It is becoming increasingly clear that there is no good Brexit deal for the UK. All deals, ranging from the hardest ‘No Deal’ scenario to the ‘softest’ deal, where the UK leaves the EU but somehow remains a member of the single market and the customs union, make the UK significantly worse off both economically and institutionally.
The May government proposes that Britain should leave both the customs union (CU) and the single market (SM) but has been notoriously vague, or unrealistic, about what this would mean in practice.
So, in February and March the government responded to the calls for greater clarity in what it wants from Brexit. In a series of underwhelming speeches Boris Johnson, Liam Fox and Philip Hammond made contributions which were all met by a collective yawn, even derision, from the media and informed commentators.

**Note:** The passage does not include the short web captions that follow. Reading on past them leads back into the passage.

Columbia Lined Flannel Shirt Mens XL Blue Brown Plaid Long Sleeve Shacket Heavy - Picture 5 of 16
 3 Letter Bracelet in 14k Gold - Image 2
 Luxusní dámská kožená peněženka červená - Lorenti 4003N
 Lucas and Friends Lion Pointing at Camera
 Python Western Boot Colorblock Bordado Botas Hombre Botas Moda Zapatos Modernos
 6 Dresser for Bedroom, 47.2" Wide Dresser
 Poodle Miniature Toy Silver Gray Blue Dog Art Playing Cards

Indeed the former head of his Trade Department likened Fox’s policy of leaving the CU to giving up a three-course dinner for a packet of crisps.
Theresa May’s own contributions in February to the Munich Security Conference, calling for close cooperation on a range of defence and security issues, and in her Mansion House speech on 2 March, did at least manage to secure some temporary support from both pro-European and hard Brexit members of her government and party.
But all of these contributions have exposed how leaving the EU and both the SM and the CU will result in the UK not only becoming poorer than it needs to be but also losing influence and sovereignty.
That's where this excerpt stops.